Salem Fuad Aljabri was born in Jordan, but he is of Palestinian descent. In 1997, he married a U.S. citizen; the marriage enabled him to become a lawful permanent resident in 2000. In February 2003, after three years had passed and he became eligible to be considered for naturalization under 8 U.S.C. § 1430, he filed an Application for Naturalization with U.S. Citizenship and Immigration Services (USCIS), which is part of the Department of Homeland Security (DHS). USCIS conducted a naturalization interview in July 2003 and then sat on Aljabri’s application for nearly nine years.
One might think that such a long delay would have prompted Aljabri to follow up somehow. But one would be wrong. Alja-bri found his way into federal court under much worse circumstances, accused and then convicted in 2007 on multiple counts of wire fraud, 18 U.S.C. § 1343, money laundering, 18 U.S.C. § 1957(a)(1)(A)®, and structuring (that is, deceptively organizing transactions so as not to trigger a financial institution’s reporting requirements), 31 U.S.C. § 5324(a)(3). On appeal, this court vacated the money-laundering convictions but affirmed the wire fraud and structuring convictions. See United States v. Aljabri, 363 Fed.Appx. 403 (7th Cir.2010). On remand, Aljabri was resen-tenced to serve 84 months in prison. See United States v. Aljabri, 2013 WL 3975255 at *1 (N.D.Ill. July 80, 2013) (denying post-conviction relief under 28 U.S.C. § 2255).

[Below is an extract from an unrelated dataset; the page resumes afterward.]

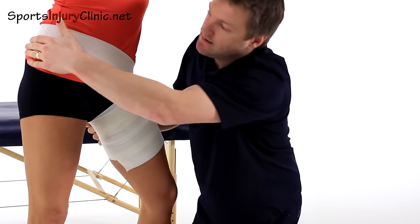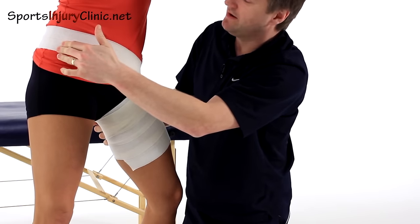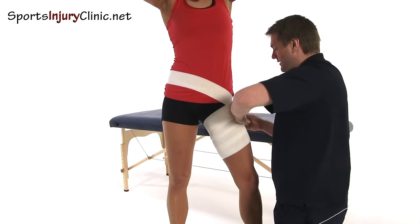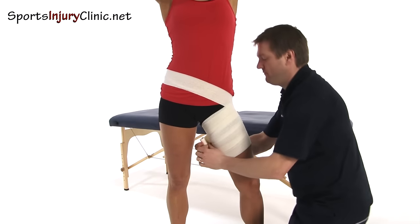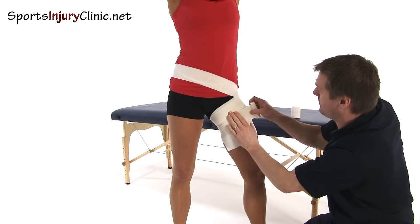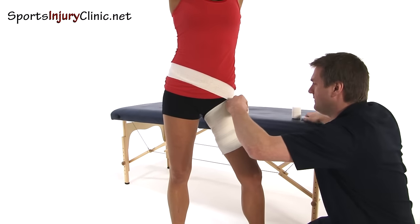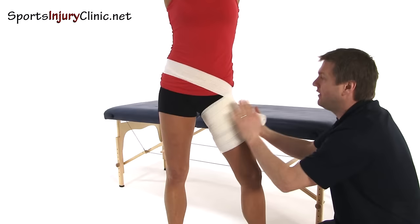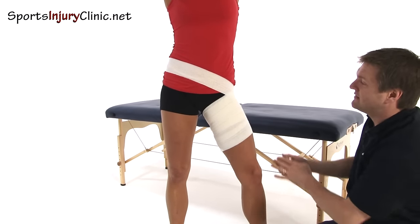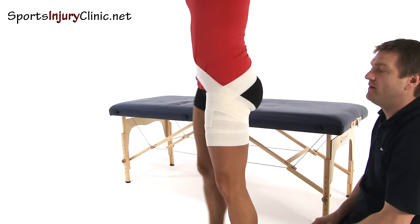This needs to go around the bony part of the hip on the other side. Again, ideally it needs to be against skin, and it's going to wrap around and finish on the thigh muscle. You can always repeat that again — do another one over the top, a little bit lower, so that effectively this works as a support for a groin strain.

Catching wind of his turn to crime, DHS issued a Notice to Appear to Aljabri in 2008, alleging that he was removable from the United States under 8 U.S.C. § 1227(a)(2)(A)(iii) for having been convicted of an aggravated felony — namely, a crime causing a loss of more than $10,000 to victims. See 8 U.S.C. § 1101(a)(43)(M). (Aljabri maintains that the loss caused by *818his crimes was not sufficient to classify them as aggravated felonies, but that question is not relevant to this appeal.) He failed to appear at his immigration hearing in Dallas on April 28, 2010, perhaps, as he says, because he had a medical appointment that prison officials refused to reschedule, or maybe because he refused to leave his cell, as the government contends. Either way, he was ordered removed in absentia by the Immigration Judge.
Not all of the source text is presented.